LISTED ENTRIES =
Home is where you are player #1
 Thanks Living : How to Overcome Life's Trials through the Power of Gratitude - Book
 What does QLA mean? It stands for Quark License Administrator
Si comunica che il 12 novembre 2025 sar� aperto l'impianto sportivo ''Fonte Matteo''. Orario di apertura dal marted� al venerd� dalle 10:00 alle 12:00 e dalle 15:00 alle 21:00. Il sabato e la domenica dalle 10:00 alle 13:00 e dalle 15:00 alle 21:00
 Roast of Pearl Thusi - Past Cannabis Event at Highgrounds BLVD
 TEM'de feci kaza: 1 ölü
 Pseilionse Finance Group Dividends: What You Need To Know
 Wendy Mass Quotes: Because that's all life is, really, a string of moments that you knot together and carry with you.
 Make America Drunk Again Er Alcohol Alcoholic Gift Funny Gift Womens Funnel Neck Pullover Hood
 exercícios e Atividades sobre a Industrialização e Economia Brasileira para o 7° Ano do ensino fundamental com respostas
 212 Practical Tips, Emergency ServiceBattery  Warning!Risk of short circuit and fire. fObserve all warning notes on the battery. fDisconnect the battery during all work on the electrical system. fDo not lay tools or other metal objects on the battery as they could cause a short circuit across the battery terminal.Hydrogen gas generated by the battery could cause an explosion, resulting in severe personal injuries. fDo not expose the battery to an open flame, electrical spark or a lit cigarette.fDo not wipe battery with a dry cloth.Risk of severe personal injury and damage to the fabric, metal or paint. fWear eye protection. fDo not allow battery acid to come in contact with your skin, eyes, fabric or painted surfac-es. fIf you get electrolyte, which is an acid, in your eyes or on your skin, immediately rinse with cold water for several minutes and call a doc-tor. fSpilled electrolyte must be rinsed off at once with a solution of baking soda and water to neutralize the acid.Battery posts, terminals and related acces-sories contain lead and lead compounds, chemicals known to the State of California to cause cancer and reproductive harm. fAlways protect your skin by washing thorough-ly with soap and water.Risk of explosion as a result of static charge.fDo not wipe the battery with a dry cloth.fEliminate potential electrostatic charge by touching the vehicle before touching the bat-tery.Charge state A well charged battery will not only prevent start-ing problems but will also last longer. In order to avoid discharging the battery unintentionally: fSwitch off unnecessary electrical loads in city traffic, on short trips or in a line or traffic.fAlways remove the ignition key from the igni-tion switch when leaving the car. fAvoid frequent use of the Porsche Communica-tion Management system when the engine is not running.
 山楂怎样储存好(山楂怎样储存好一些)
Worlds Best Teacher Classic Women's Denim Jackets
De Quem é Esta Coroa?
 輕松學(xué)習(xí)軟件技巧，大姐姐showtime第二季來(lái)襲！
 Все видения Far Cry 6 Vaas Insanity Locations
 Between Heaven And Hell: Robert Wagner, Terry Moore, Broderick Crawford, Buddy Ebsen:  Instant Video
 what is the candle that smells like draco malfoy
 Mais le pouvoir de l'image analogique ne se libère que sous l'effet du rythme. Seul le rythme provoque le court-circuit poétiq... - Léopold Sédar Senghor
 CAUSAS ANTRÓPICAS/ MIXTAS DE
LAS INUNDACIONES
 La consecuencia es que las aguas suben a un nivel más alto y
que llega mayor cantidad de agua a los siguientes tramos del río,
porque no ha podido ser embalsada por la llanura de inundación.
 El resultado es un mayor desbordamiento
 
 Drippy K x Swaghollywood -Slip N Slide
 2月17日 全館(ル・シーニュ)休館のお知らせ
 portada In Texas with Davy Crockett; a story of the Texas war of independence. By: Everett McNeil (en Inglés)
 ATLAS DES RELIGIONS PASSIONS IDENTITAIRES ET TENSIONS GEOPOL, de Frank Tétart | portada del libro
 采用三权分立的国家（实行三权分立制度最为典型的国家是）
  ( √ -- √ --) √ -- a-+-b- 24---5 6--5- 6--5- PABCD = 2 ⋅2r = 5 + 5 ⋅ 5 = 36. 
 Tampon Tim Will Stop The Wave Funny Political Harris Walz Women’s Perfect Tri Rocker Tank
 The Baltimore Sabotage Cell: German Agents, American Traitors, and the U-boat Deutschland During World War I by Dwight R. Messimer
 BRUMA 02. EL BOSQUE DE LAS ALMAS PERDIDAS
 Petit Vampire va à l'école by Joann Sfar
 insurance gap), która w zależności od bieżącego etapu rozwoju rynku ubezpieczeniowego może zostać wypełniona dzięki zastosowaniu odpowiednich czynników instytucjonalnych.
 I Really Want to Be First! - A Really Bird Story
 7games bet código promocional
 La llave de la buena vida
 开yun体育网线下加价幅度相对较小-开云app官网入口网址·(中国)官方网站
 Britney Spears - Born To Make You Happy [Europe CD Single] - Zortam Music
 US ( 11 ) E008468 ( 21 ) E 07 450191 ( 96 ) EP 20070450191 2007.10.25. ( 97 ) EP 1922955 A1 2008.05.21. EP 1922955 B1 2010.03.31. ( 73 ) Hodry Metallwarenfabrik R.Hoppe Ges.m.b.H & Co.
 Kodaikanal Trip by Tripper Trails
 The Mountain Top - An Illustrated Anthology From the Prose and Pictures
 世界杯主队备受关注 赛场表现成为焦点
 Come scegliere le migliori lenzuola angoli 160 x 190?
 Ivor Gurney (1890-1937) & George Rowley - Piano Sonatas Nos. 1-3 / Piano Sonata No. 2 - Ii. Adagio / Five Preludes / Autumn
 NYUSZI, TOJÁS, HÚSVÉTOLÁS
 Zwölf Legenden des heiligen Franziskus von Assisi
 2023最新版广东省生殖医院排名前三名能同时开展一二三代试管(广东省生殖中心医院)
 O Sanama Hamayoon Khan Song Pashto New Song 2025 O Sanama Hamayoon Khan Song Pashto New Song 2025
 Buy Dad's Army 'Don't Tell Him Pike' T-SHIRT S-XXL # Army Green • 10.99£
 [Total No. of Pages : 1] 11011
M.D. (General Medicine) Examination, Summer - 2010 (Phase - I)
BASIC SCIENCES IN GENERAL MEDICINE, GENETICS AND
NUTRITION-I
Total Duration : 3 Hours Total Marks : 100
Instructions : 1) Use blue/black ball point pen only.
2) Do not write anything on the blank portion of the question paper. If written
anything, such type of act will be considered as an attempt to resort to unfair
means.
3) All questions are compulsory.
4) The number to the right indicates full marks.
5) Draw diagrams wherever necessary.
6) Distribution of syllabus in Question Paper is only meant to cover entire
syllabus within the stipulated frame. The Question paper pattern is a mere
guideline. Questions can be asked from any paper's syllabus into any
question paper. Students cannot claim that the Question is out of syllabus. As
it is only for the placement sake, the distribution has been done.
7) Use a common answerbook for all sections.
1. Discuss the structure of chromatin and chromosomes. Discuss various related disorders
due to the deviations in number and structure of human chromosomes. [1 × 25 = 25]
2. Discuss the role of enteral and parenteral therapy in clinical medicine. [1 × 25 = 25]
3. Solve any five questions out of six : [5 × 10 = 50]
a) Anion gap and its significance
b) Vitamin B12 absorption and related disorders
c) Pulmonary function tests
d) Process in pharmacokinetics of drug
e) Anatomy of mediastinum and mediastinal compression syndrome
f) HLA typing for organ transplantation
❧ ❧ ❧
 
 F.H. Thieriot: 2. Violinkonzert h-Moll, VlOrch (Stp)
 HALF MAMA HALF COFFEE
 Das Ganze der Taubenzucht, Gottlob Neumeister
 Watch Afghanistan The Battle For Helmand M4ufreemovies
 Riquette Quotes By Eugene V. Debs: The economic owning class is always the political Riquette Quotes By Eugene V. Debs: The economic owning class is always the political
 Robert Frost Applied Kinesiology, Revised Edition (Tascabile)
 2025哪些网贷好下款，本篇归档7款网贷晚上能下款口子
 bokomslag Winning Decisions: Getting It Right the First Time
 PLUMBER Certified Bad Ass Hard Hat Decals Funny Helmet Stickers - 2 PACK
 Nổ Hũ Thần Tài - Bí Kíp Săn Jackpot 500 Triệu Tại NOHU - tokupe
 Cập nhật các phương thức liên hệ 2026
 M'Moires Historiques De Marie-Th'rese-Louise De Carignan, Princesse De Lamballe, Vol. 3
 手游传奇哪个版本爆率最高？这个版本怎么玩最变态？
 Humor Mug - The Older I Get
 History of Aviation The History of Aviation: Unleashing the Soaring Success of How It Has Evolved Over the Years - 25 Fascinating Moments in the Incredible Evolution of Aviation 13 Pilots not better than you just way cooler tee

EXERCISE GOAL = Taking the entries above, write out exactly each line from the one holding "Tampon Tim Will" to the one holding "Britney Spears - Born", both included, and stop there.

OUTPUT OF THE TASK =
 Tampon Tim Will Stop The Wave Funny Political Harris Walz Women’s Perfect Tri Rocker Tank
 The Baltimore Sabotage Cell: German Agents, American Traitors, and the U-boat Deutschland During World War I by Dwight R. Messimer
 BRUMA 02. EL BOSQUE DE LAS ALMAS PERDIDAS
 Petit Vampire va à l'école by Joann Sfar
 insurance gap), która w zależności od bieżącego etapu rozwoju rynku ubezpieczeniowego może zostać wypełniona dzięki zastosowaniu odpowiednich czynników instytucjonalnych.
 I Really Want to Be First! - A Really Bird Story
 7games bet código promocional
 La llave de la buena vida
 开yun体育网线下加价幅度相对较小-开云app官网入口网址·(中国)官方网站
 Britney Spears - Born To Make You Happy [Europe CD Single] - Zortam Music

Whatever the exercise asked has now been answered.